Patterns & Recipes¶

Real-world simulation patterns across manufacturing, operations, IoT, business, and data engineering — 38 patterns organized by industry and complexity.

Each pattern is a complete, copy-paste-ready YAML config that also teaches you an odibi feature progressively. Start with the foundational patterns and work your way through the categories that match your domain.

How to Use This Section

Every pattern follows the same format:

What you'll learn — the key odibi features the pattern demonstrates
Full YAML config — copy-paste it, run it, see it work
What makes this realistic — why the config choices produce believable data
Try this — suggested modifications to deepen your understanding
Learn more — links to relevant reference docs

Patterns are numbered 1–38 and build on each other. If a pattern uses a feature you haven't seen, check the earlier patterns or the linked reference docs.

Foundational Patterns (1–8)¶

Start here. These patterns cover the core simulation features you'll use in every project.

👉 View all foundational patterns

#	Pattern	Key Feature	Industry
1	Build Before Sources Exist	Core simulation concept	General
2	Manufacturing Production Line	`entity_overrides`, `scheduled_events`, `chaos`	Manufacturing
3	IoT Sensor Network	`daily_profile`, `derived` from occupancy, `random_walk`	Building Mgmt
3b	HVAC Feedback Loop	Derived column chaining, feedback modeling	Building Mgmt
4	Order / Transaction Data	`incremental: stateful`, `derived` expressions	E-commerce
5	Equipment Degradation	`trend`, `recurrence`, cleaning cycles	Maintenance
6	Stress Test at Scale	High-volume config	Data Engineering
7	Daily Dashboard Feed	Incremental + Delta Lake append	Analytics
8	Multi-System Integration	Cross-entity refs, `prev()`	Data Engineering

Process & Chemical Engineering (9–15)¶

Advanced process control patterns for continuous and batch operations.

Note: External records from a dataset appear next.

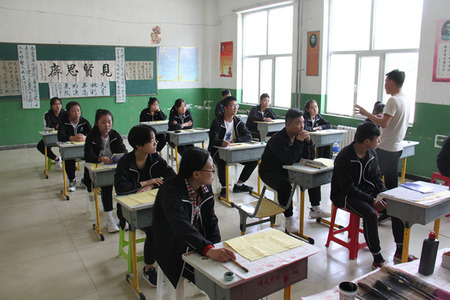西宁私立高中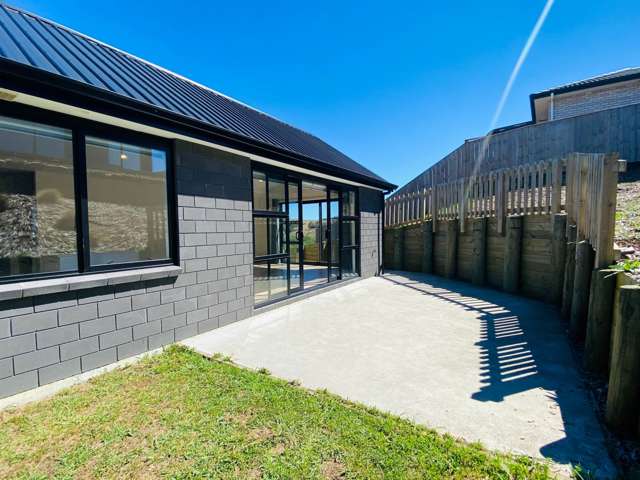Modern & Spacious four bedroom Home in Pokeno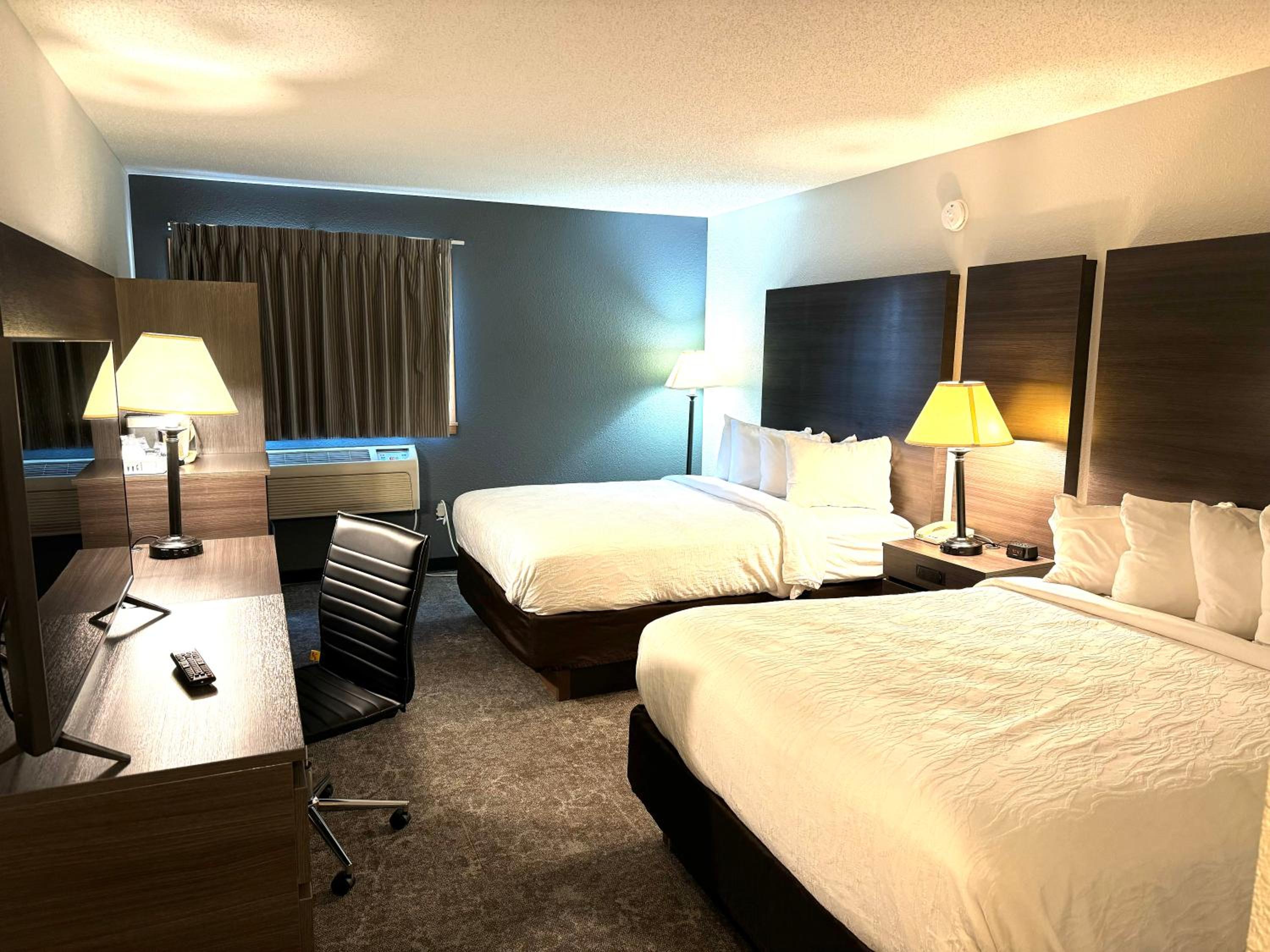 Queen Room with Two Queen Beds - Accessible/Non-Smoking  - Photo 5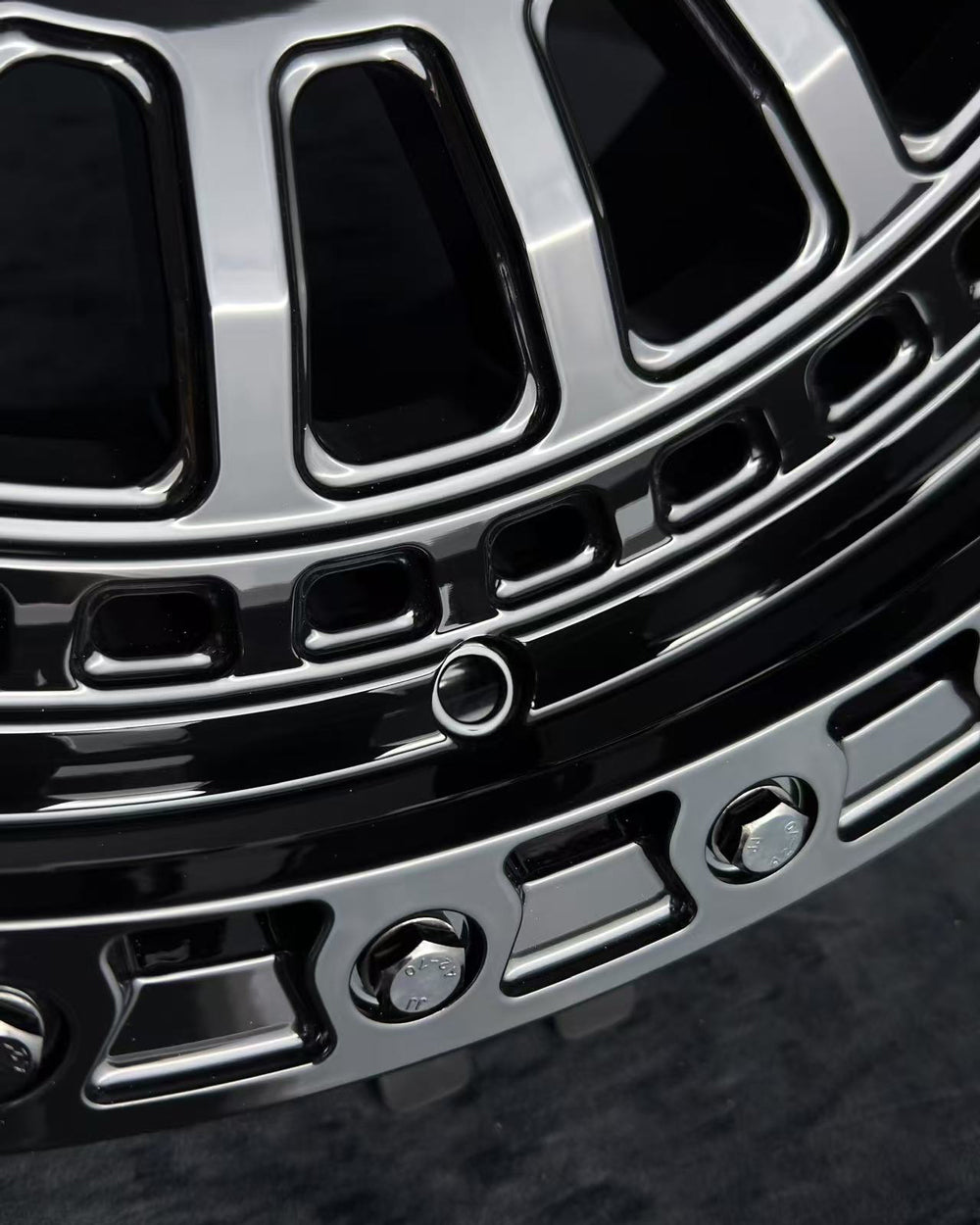 (Set of 4) FR-19 | 6061-T6 Forged | Simulated Beadlock | Gloss Black, Black Lip Bolts (8x170 | 18x9, +12mm Offset)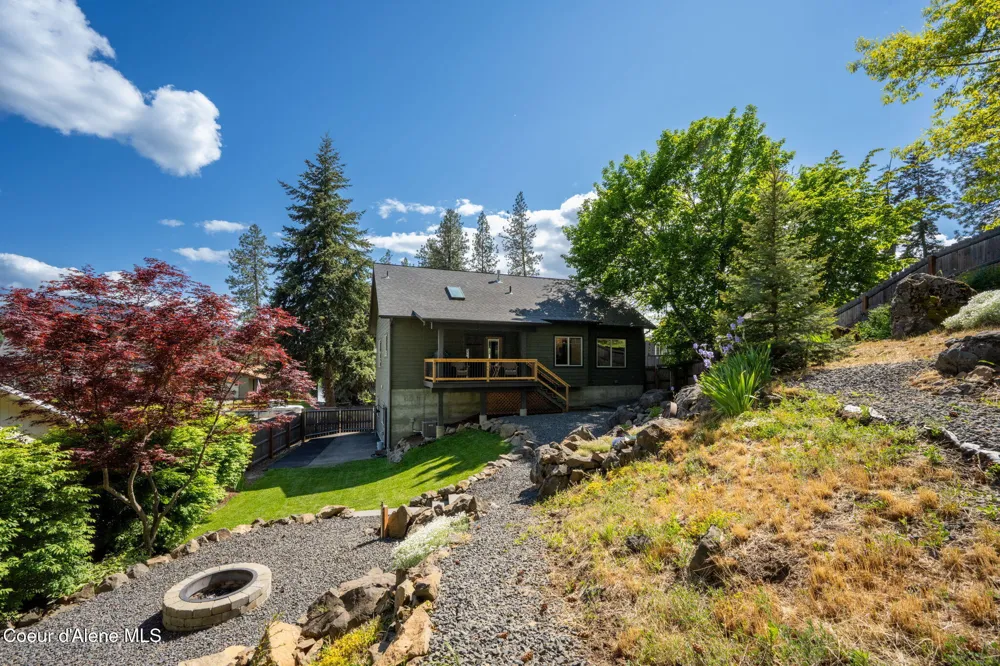 1997 E AVONDALE LANE Hayden, ID 83835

👉 View process engineering patterns

#	Pattern	Key Feature	Industry
9	Wastewater Treatment Plant	Cross-entity cascade (stage→stage)	Environmental
10	Compressor Station	`shock_rate` / `shock_bias`	Oil & Gas
11	CSTR with PID Control	`pid()` in full pipeline	Chemical Engineering
12	Distillation Column	`mean_reversion_to` dynamic column	Chemical Engineering
13	Cooling Tower	`ema()` for signal smoothing	Utilities
14	Batch Reactor with Recipe	Scheduled setpoint changes	Pharma / ChemE
15	Tank Farm Inventory	`prev()` for level integration	Oil & Gas / Logistics

Energy & Utilities (16–20)¶

Renewable energy, grid storage, and utility network patterns.

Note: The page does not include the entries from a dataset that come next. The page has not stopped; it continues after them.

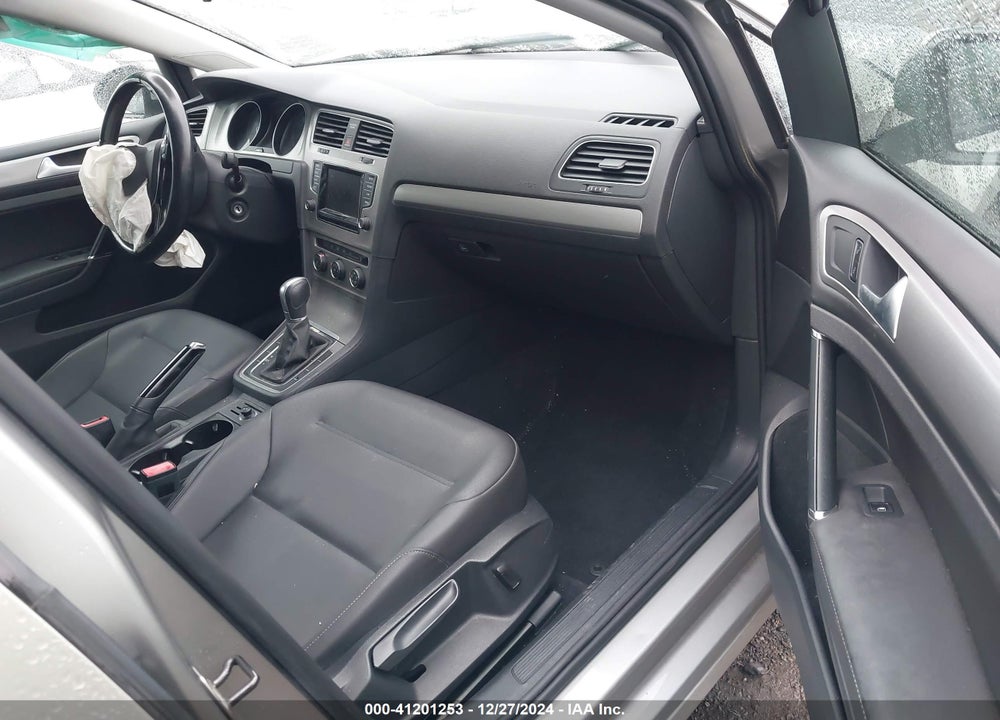 2015 VOLKSWAGEN GOLF TSI S 4-DOOR VIN: 3VW217AU4FM047731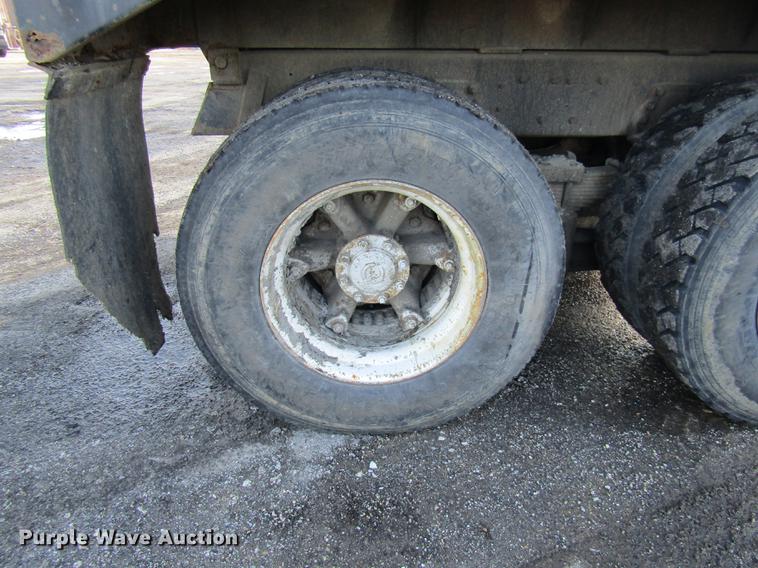 image for item DE5948 1990 Ford LT8000 dump truck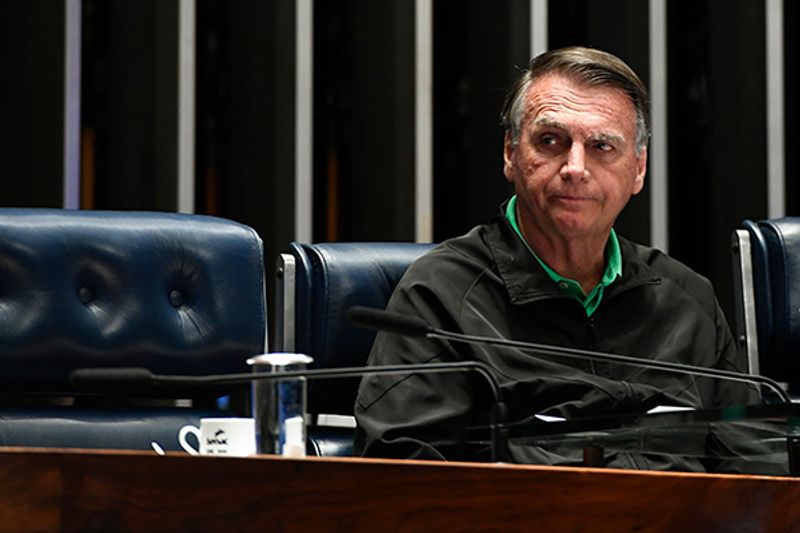 Defesa de Bolsonaro admite ao STF pedido de conserto de arma e nega elo com fim de domiciliar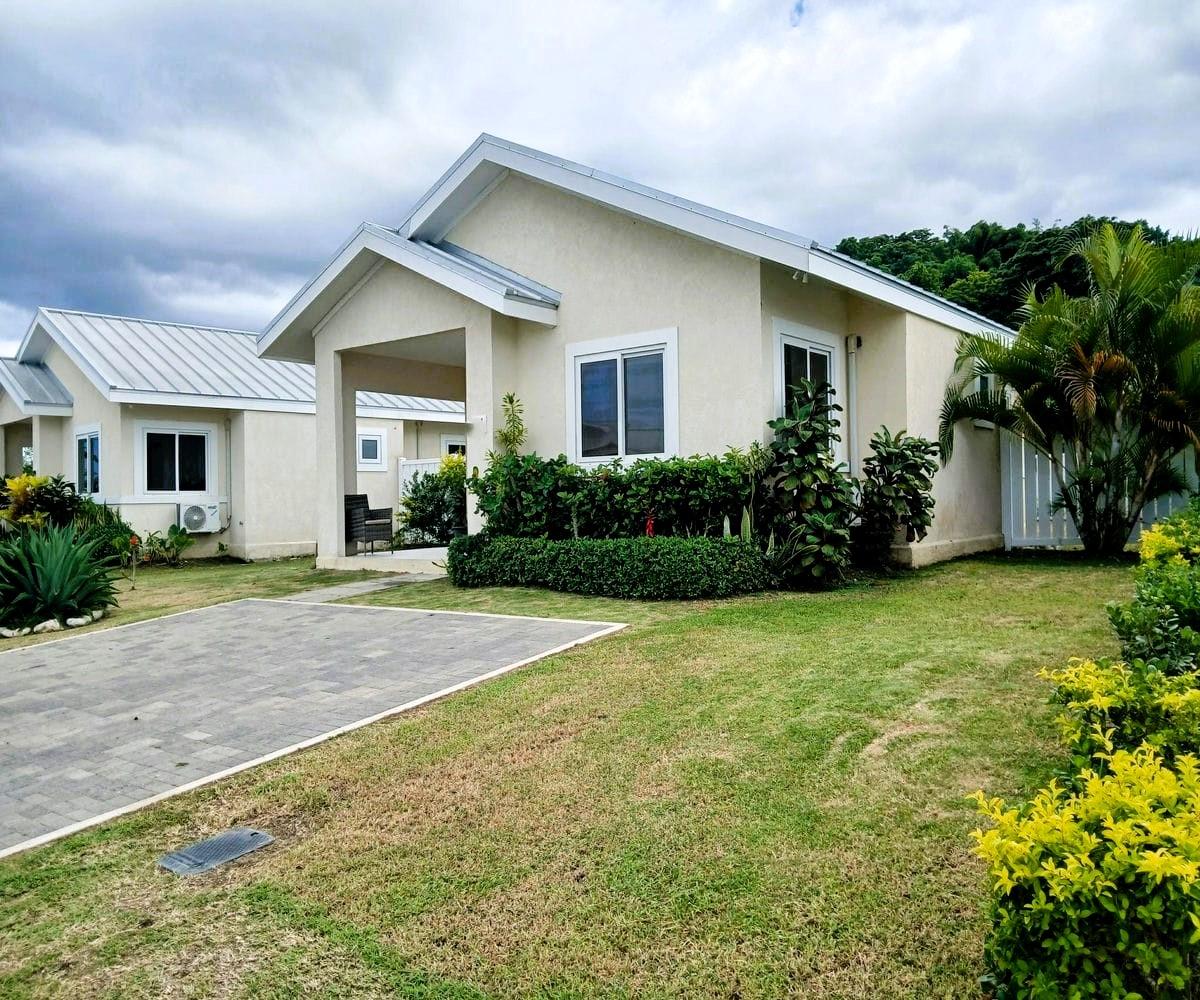 Fourteenth image of 46- Oceanpointe in Lucea, Hanover, Jamaica - property is For Rent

👉 View energy & utilities patterns

#	Pattern	Key Feature	Industry
16	Solar Farm	`boolean` generator, weather coupling	Renewables
17	Wind Turbine Fleet	`geo` generator, entity overrides at scale	Renewables
18	Battery Storage (BESS)	State of charge with `prev()`	Energy Storage
19	Smart Meter Network	`ipv4` generator, high entity count	Utilities
20	EV Charging Stations	`uuid` v5 deterministic IDs	Transportation

Manufacturing & Operations (21–25)¶

Discrete manufacturing, logistics, and quality control patterns.

👉 View manufacturing patterns

#	Pattern	Key Feature	Industry
21	Packaging Line with SPC	Validation on simulated data	Food & Bev
22	CNC Machine Shop	`downtime_events` in chaos	Discrete Manufacturing
23	Warehouse Inventory	Multi-pipeline project	Logistics
24	Food Safety / Cold Chain	`email` generator, alert thresholds	Food & Bev
25	Assembly Line Stations	Cross-entity station-to-station flow	Automotive

Environmental & Agriculture (26–28)¶

Weather, air quality, and precision agriculture patterns.

👉 View environmental patterns

#	Pattern	Key Feature	Industry
26	Weather Station Network	`geo` bbox, multi-sensor	Meteorology
27	Air Quality Monitoring	`trend` for seasonal drift	Environmental
28	Greenhouse / Indoor Farm	PID + dynamic setpoint tracking	Agriculture

Healthcare & Life Sciences (29–30)¶

Clinical monitoring and pharmaceutical batch records.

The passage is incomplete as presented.